▶ [What you need to do] Starting at the line that contains "Clear and Detailed", transcribe each line exactly through the end of the data below, and skip any pictures.

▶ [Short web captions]
···

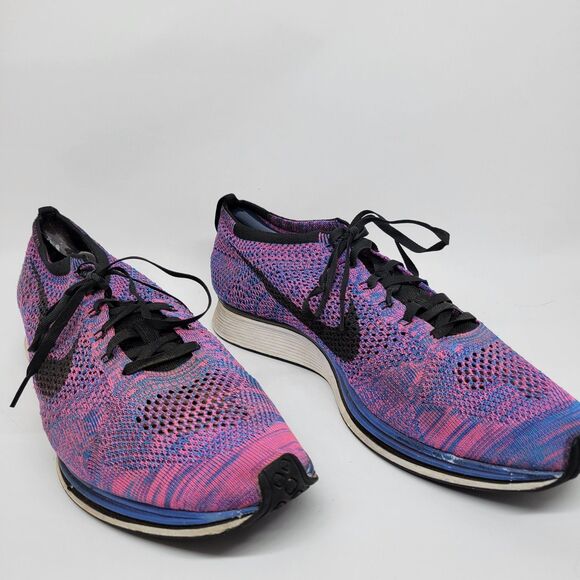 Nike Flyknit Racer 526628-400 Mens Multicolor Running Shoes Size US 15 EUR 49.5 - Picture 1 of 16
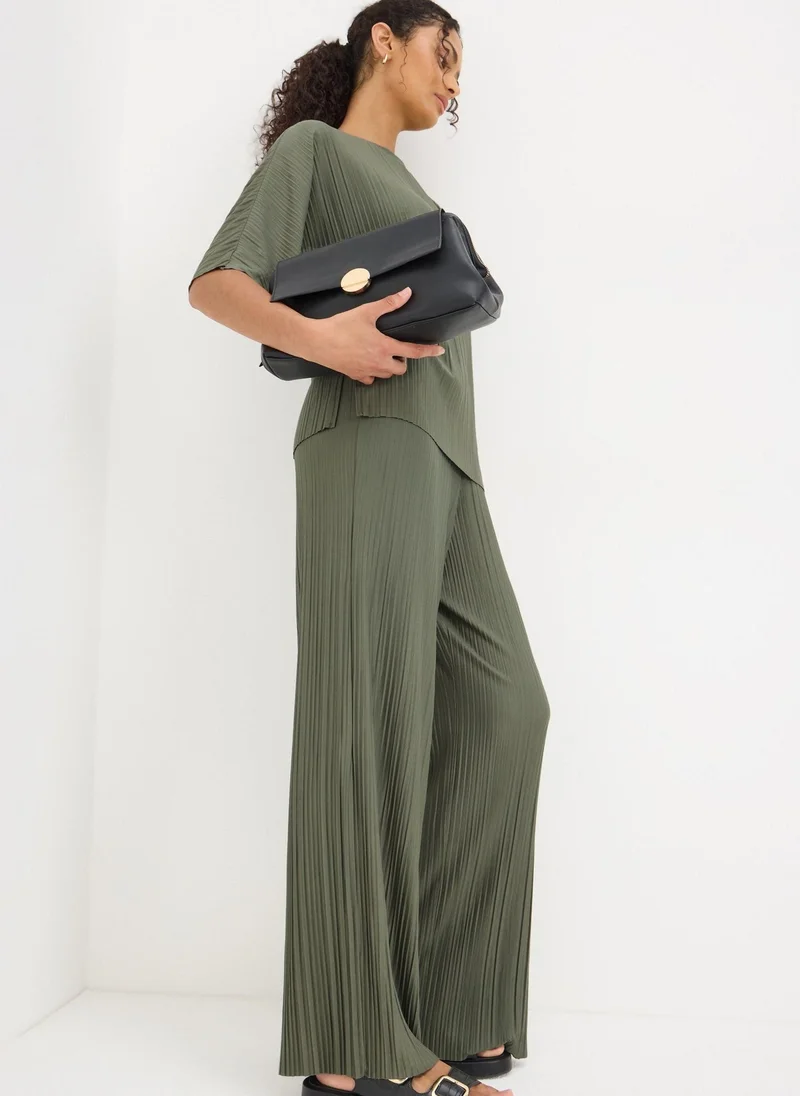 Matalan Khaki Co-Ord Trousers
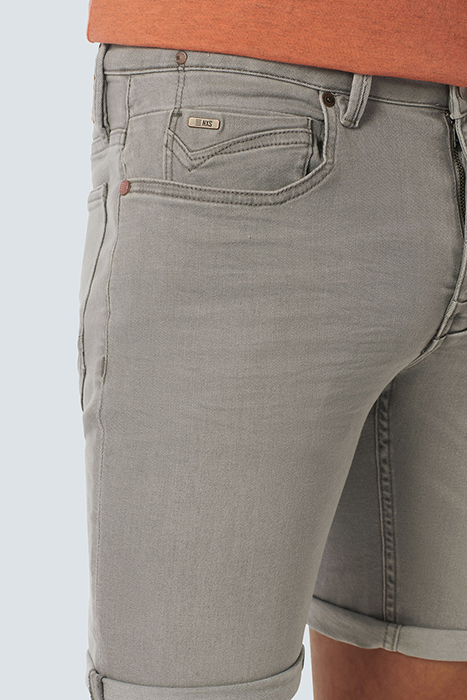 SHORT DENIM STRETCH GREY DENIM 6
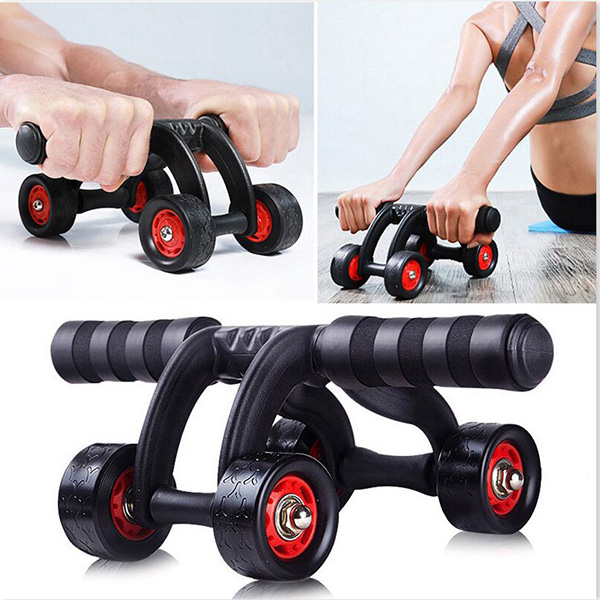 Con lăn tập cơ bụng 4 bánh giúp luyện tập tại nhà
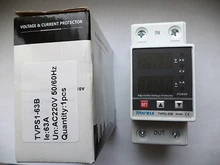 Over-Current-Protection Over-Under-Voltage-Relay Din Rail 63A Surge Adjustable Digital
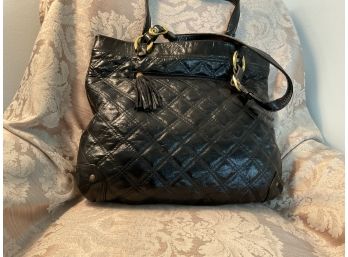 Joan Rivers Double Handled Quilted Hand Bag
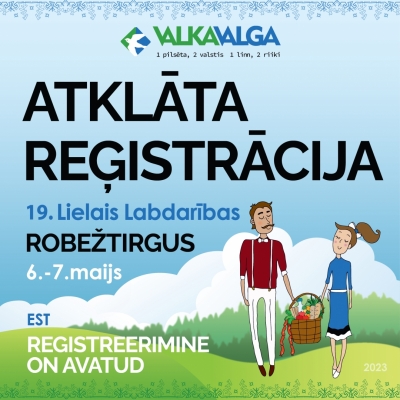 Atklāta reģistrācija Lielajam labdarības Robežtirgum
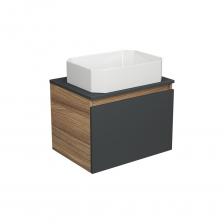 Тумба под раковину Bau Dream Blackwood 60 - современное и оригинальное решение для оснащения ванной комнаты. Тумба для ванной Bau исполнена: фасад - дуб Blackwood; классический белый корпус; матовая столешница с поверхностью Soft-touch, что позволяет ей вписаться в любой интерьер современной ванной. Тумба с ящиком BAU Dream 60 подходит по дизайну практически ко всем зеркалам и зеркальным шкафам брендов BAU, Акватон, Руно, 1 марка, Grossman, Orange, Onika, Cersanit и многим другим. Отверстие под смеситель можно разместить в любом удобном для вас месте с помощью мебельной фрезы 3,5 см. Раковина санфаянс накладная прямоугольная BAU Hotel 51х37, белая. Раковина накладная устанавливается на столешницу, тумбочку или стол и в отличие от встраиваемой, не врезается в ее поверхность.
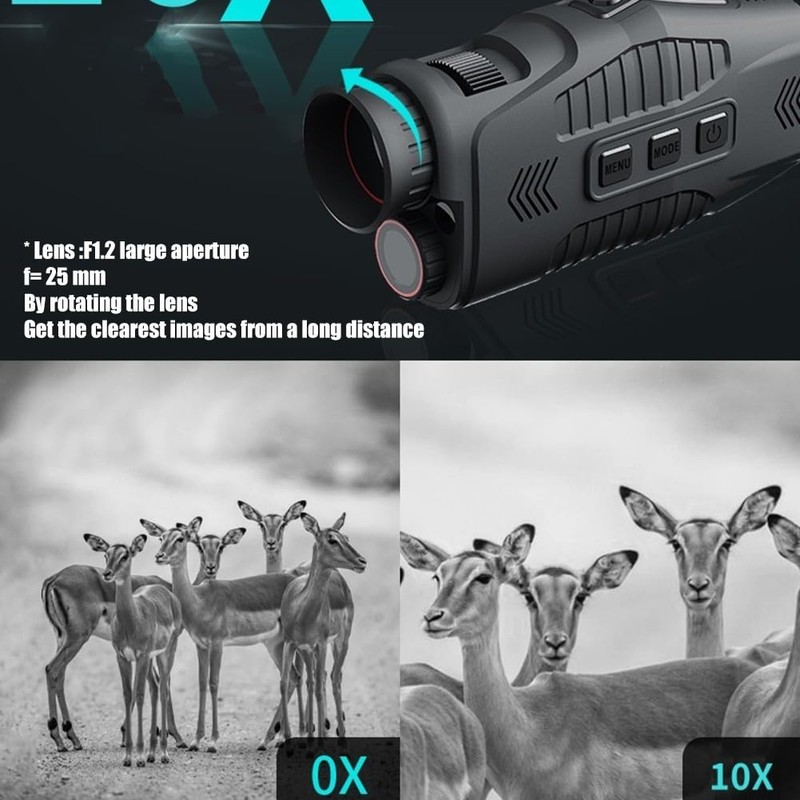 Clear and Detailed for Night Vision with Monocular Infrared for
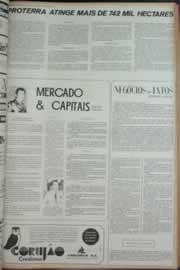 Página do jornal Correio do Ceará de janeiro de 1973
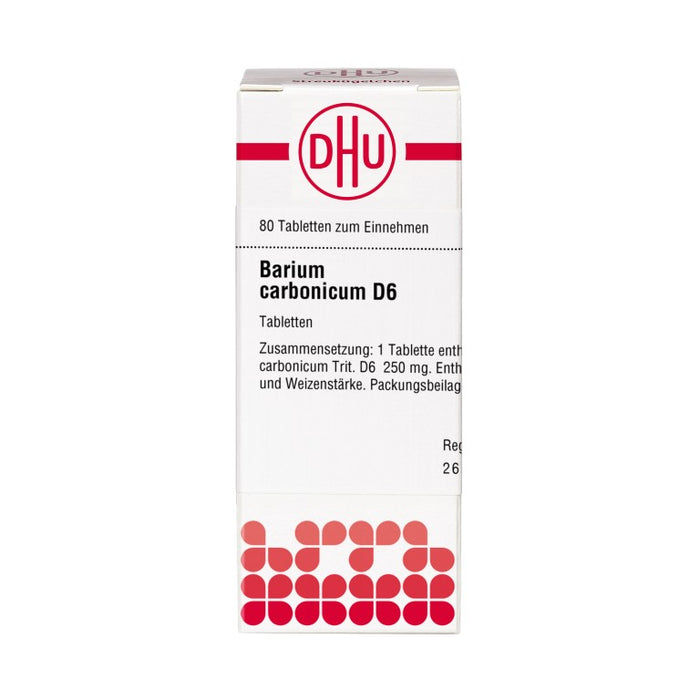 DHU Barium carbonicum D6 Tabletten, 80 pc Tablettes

···

▶ [Output for this exercise]
 Clear and Detailed for Night Vision with Monocular Infrared for
 Página do jornal Correio do Ceará de janeiro de 1973
 DHU Barium carbonicum D6 Tabletten, 80 pc Tablettes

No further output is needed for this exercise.